Data →
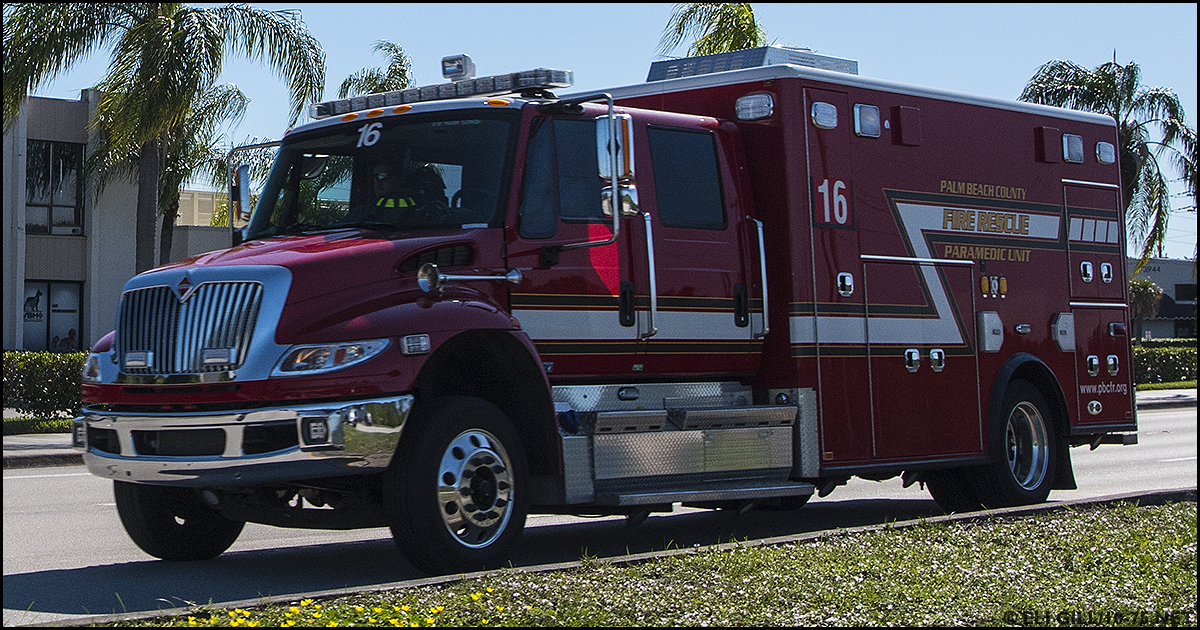 Palm Beach County Fire Rescue pic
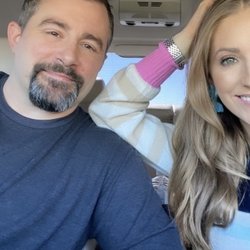 Eastern OB Gyn PC - My husband picking me up from my appointment and me hoping for twins soon!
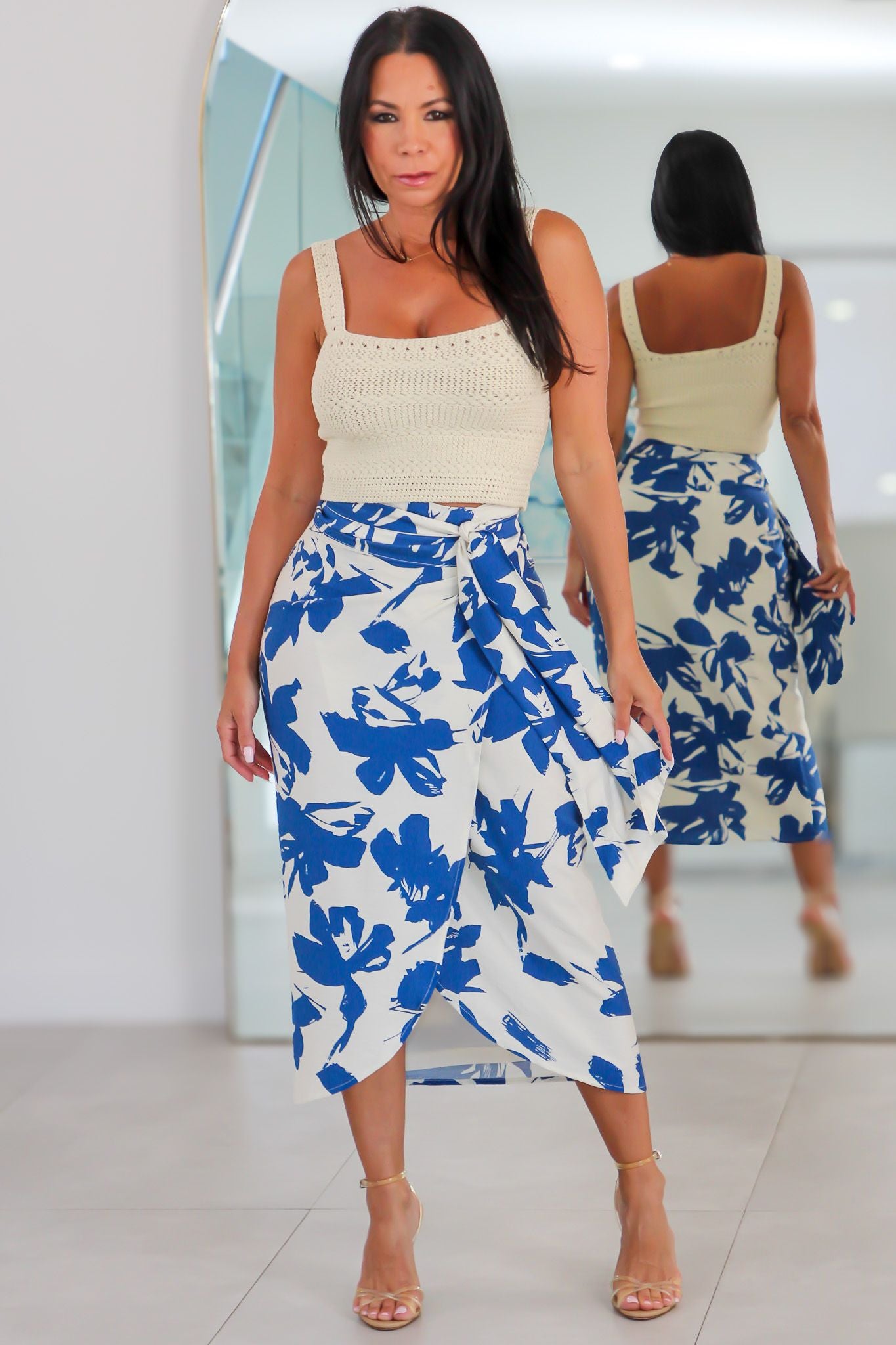70566 Coastal Breeze Wrap Skirt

Problem requirements → Quote the material word for word, dropping any images it holds.

Response area →
 Palm Beach County Fire Rescue pic
 Eastern OB Gyn PC - My husband picking me up from my appointment and me hoping for twins soon!
70566 Coastal Breeze Wrap Skirt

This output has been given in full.